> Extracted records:
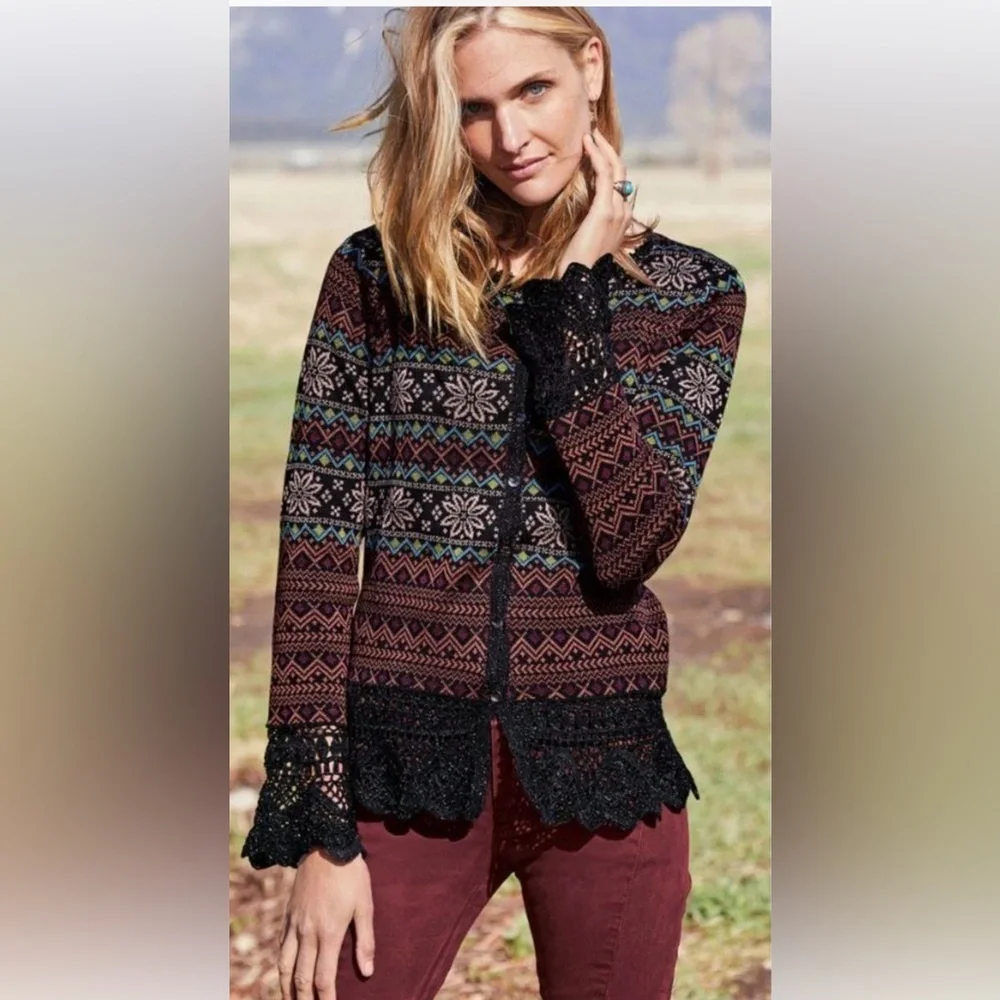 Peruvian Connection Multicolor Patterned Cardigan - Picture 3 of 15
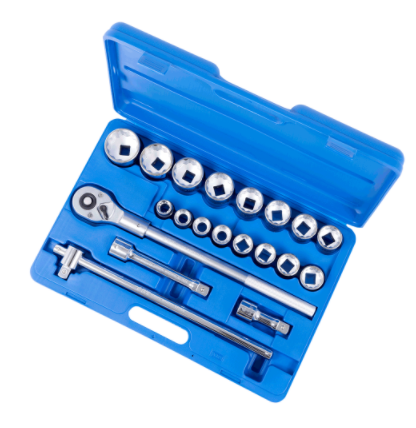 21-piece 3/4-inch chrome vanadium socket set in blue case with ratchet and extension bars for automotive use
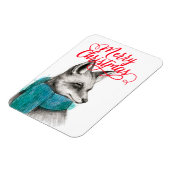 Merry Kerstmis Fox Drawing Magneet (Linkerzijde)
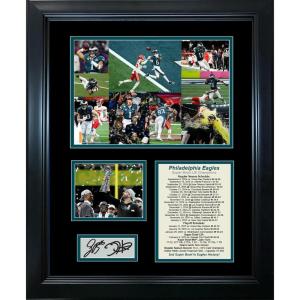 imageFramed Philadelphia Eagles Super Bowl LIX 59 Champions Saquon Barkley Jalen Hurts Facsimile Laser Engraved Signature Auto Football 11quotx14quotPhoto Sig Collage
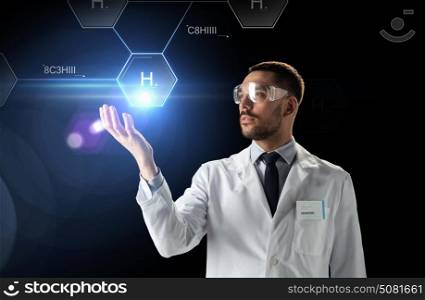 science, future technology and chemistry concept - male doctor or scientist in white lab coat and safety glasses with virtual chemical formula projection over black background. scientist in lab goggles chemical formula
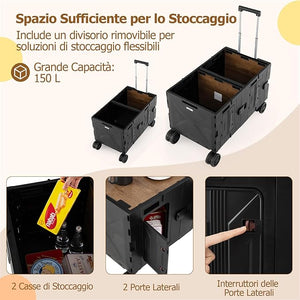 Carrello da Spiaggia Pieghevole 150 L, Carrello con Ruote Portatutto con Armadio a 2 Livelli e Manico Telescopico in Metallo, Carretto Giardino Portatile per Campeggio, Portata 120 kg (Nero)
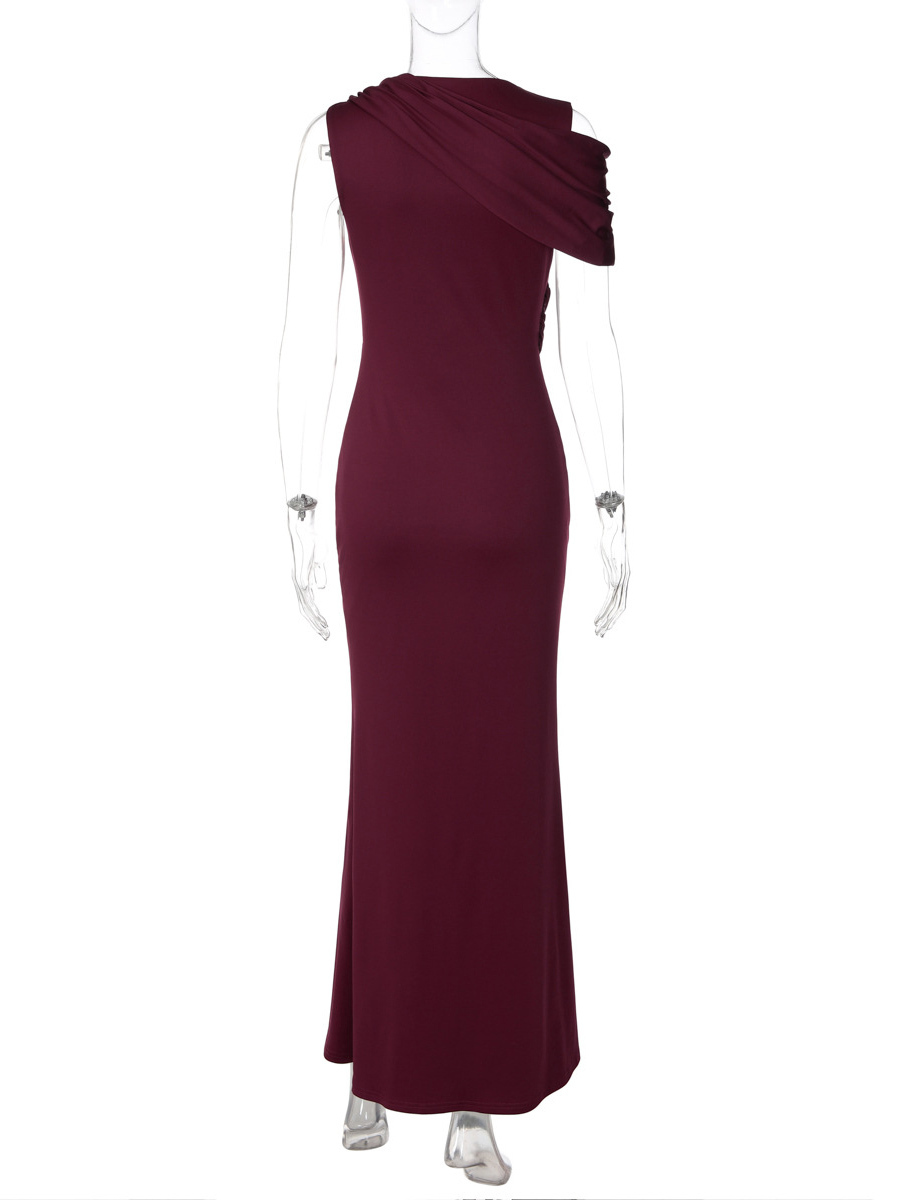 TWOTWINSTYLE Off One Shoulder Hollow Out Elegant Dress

> Work instructions:
Once you reach the line containing "Carrello da Spiaggia", print it and every line after it exactly, through the end of the entries, without any pictures.

> Answer to this problem:
 Carrello da Spiaggia Pieghevole 150 L, Carrello con Ruote Portatutto con Armadio a 2 Livelli e Manico Telescopico in Metallo, Carretto Giardino Portatile per Campeggio, Portata 120 kg (Nero)
 TWOTWINSTYLE Off One Shoulder Hollow Out Elegant Dress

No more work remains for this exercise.